[Saved entries]
- Opening Delimiter -

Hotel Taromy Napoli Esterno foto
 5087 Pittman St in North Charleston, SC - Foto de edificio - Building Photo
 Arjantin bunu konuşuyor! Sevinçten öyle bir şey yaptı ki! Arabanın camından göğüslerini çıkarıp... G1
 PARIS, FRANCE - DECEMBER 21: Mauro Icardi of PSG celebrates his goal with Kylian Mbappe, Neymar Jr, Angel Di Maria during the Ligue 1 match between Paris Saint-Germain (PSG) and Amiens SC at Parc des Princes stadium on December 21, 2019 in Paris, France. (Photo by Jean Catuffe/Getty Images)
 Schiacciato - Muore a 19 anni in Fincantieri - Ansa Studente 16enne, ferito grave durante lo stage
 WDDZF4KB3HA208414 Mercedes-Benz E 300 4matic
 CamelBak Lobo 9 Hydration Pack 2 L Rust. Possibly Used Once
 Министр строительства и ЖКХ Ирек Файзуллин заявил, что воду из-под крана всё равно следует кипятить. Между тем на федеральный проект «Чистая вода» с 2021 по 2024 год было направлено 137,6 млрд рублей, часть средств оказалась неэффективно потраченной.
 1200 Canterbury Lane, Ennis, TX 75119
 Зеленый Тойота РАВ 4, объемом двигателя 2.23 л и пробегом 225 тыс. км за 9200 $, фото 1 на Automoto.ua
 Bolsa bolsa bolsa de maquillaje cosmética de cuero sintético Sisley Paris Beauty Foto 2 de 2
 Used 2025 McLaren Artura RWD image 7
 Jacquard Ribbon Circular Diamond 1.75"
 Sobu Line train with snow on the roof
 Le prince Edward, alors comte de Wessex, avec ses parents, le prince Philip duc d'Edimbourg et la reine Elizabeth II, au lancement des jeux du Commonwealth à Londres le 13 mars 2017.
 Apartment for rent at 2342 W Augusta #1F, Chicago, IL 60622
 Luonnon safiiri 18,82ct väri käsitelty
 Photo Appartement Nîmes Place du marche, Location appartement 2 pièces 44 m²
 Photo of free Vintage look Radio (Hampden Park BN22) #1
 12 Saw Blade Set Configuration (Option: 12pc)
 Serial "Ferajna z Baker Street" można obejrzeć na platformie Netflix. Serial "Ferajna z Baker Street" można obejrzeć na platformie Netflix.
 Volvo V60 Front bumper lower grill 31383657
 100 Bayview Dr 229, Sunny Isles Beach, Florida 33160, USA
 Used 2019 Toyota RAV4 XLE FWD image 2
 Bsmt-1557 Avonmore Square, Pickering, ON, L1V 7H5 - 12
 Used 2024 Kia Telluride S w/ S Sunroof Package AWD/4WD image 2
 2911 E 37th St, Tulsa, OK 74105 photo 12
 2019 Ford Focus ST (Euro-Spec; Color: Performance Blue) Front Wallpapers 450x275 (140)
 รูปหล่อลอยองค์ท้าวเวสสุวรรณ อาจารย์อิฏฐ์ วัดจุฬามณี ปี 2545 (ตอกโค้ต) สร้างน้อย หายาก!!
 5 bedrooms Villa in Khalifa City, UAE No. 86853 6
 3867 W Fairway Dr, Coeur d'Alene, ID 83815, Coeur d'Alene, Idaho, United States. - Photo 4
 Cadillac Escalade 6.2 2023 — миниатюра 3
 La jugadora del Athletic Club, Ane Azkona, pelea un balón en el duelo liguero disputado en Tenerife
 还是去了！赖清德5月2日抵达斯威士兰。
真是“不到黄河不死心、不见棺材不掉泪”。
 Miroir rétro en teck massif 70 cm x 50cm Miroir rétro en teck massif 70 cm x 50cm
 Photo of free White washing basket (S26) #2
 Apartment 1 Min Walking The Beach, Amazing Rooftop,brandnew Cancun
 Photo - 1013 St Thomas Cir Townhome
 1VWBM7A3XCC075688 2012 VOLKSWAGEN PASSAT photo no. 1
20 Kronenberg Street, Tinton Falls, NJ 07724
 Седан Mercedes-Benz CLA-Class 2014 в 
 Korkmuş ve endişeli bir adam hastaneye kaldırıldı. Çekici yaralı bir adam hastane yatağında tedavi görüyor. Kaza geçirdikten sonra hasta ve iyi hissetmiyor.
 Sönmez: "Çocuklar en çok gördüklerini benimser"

- Closing Delimiter -

WORK REQUIRED: Could you report how many lines of the entries include the word "Beach"? Only the number is needed.

TASK ANSWER: 2